What is mass-assignment in Rails 3

Bhushan Lodha picture Bhushan Lodha · Aug 3, 2012 · Viewed 10.7k times · Source

I have heard couple of people complaining and posting questions about mass-assignment in Rails. I have got same error couple of times and all I did was attr_accessible. But what exactly is mass assignment? could somebody explain with example?

Answer

meager picture meager · Aug 3, 2012

Mass Assignment is the name Rails gives to the act of constructing your object with a parameters hash.

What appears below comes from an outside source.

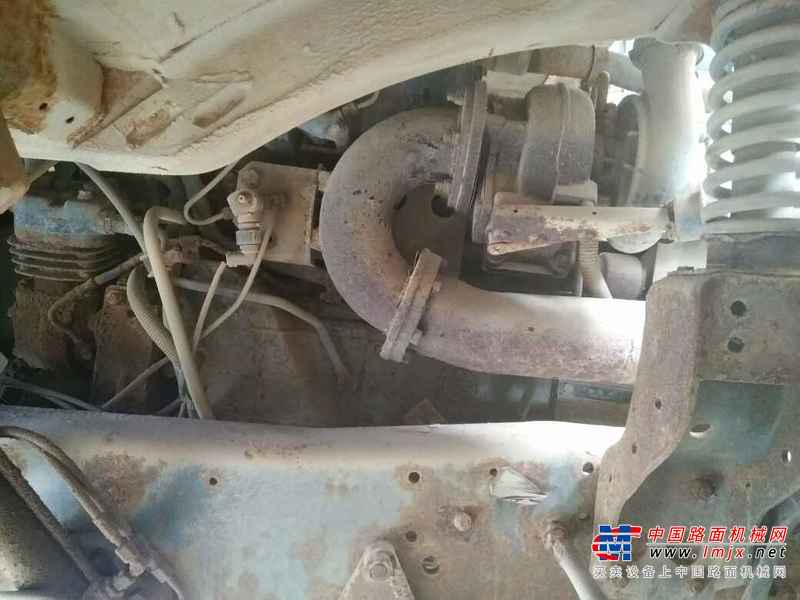辽宁出售转让二手2011年北奔ND3252B44J自卸车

It is "mass assignment" in that you are assigning multiple values to attributes via a single assignment operator.

The following snippets perform mass assignment of the name and topic attribute of the Post model:

Post.new(:name => "John", :topic => "Something")
Post.create(:name => "John", :topic => "Something")
Post.update_attributes(:name => "John", :topic => "Something")

In order for this to work, your model must allow mass assignments for each attribute in the hash you're passing in.

There are two situations in which this will fail:

  • You have an attr_accessible declaration which does not include :name
  • You have an attr_protected which does include :name

It recently became the default that attributes had to be manually white-listed via a attr_accessible in order for mass assignment to succeed. Prior to this, the default was for attributes to be assignable unless they were explicitly black-listed attr_protected or any other attribute was white-listed with attr_acessible.

It is important to consider which attributes can be mass assigned because code like this is so common:

@post = Post.new(params[:post])

Typically this is used when the user submits a form rendered by a form_for @post. In an ideal world, the params[:post] hash should only contain the fields we displayed on the form. However, it is trivial easy for the user to pass additional fields in their request, so in effect you're allowing a user to set any fields on @post, not just the ones displayed on the form.

Failure to safely use mass assignment has led to several high profile bugs in some pretty big Rails applications, like the one that allowed somebody to inject their own public key into the list of trusted keys on a Github repository and push code directly to a repository they should not have had access to.